Nomura Holdings, Japan's biggest brokerage, reported a 31 percent rise in third quarter net profit on Wednesday after gains in Tokyo stocks boosted fees.

Nomura, which is expanding in Asia, Europe and the United States after buying a big chunk of Lehman Brothers in 2008, posted a net profit of 13.39 billion yen ($164.6 million) for the three months ended December 31, compared with 10.2 billion in the same period a year earlier.

In the previous quarter ended September 30 the brokerage eked out 1.1 billion yen in net income.

Japan's benchmark Nikkei average gained 9.2 percent in the most recent quarter compared with a 7.3 percent rise in New York's Dow industrials and a 6.3 percent increase in London's FTSE benchmark.

Nomura has chosen a riskier path than its main domestic rival, Daiwa Securities Group, which rather than compete globally with the elite of investment banks, such as Goldman Sachs and Morgan Stanley, is instead trying to turn itself into a major regional Asian company.

Daiwa's new president, Takashi Hibino, who will run the brokerage from April 1, warned that expanding through big mergers was risky for financial firms.
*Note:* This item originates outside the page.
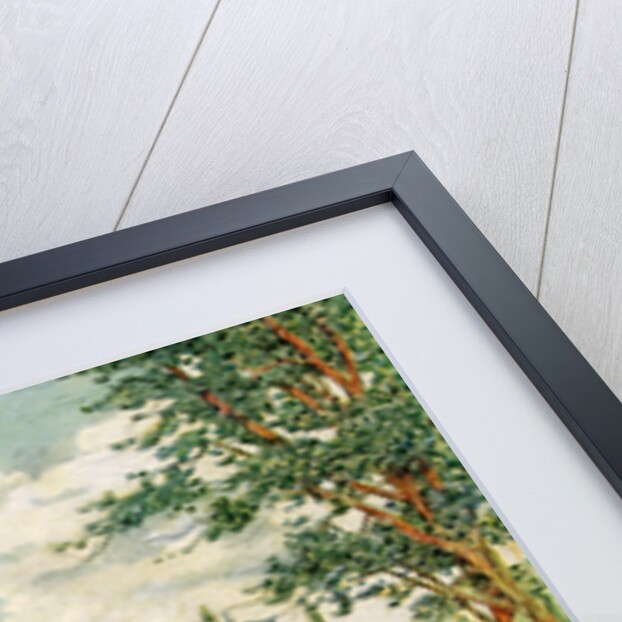 Timothy Dexter House, Newburyport, Massachusetts, USA by James Preston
Nomura offered many of its new employees guaranteed bonuses to keep them from leaving after the Lehman deal and must now look for ways to control costs as tighter financial capital requirements loom and in order to match the profitability of U.S. securities houses such as Goldman Sachs, analysts say.

Nomura's third quarter result fell short of the consensus forecast of a 17.4 billion yen profit from four analysts surveyed by Thomson Reuters I/B/E/S. For the full business year to the end of March, the average net income prediction of eight analysts is 36.7 billion yen. Nomura does not release its own outlook.

Nomura's shares closed 4 percent higher before the earnings announcement, in line with a rise in the securities subindex.